As regular readers are aware, I completed an independent study on public policy and the arts for my business school program in the second half of the spring semester. What you might not have realized is that four of my recent mega-posts on this blog were actually written as assignments for that class: Deconstructing Richard Florida, On the Arts and Developing Communities, Reconstructing Florida, and On the Arts and Sustainability. Forcing myself to read the wealth of background material that went into those posts was an incredibly helpful, if challenging, exercise, and it’s one that I hope to continue in the future (more on that later this week). In the meantime, here’s a summary of my most important takeaways from my studies so far:
- The most robust evidence for the economic impact of the arts appears to be the relationship between the density of artistic activity and rising real estate prices in an area.
- There is some evidence for a connection between concentrations of artists and overall urban economic growth, but it is much weaker and the causal relationship has not been firmly established.
- Almost everyone who does or researches community cultural development for a living seems to think that networks of small, community-based arts organizations are more effective in building social, civic, and economic capital in cities than mammoth, flagship institutions. I have not seen much research to back up this opinion, with one exception: two studies show that community-based organizations, especially those with culturally-specific programming, appear to do a much better job reaching very poor neighborhoods than flagship institutions.
- Generally speaking, the more that the arts can be brought out of their shell and into broader, ongoing community stakeholder discussions, the more that both the arts and the community will benefit.
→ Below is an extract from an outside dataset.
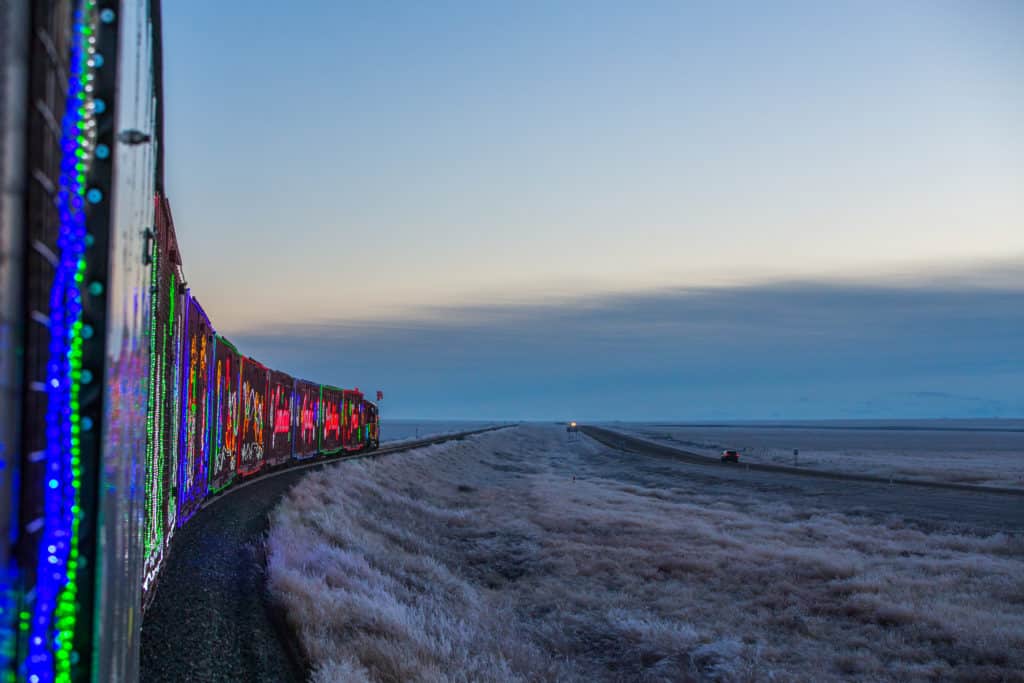 Holiday Train Schedule 2019 Minnesota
- The internet, while making it possible for more people than ever before to reach an audience and establish a public identity, may at the same time be making it harder for artists to make a full-time living from their work over the long term. Reconciling these two impacts might well be one of the major challenges of policymaking in the 21st century.
If you have any interest in following along with my studies, and learning a lot more about arts policy in the process, I’ve reprinted my syllabus for you below. (Note: I ended up going beyond the syllabus in a number of instances in order to write the essays linked above; you’ll find additional articles referenced there.) You might also check out this collection of cultural policy course syllabi on the (now archived) Community Arts Network website.
Unit I: Exploring Creative Class Theory
Richard Florida, The Rise of the Creative Class, chapters 1-2, 5, 12, 16-17
Michigan Economic Development Corporation, Michigan Cool Cities Survey: Summary of Findings
Unit II: Creative Class Theory Revisited: Critical Responses
Rise of the Creative Class, chapters 4, 13-14, appendices A-C
Ann Daly, “Richard Florida’s High Class Glasses”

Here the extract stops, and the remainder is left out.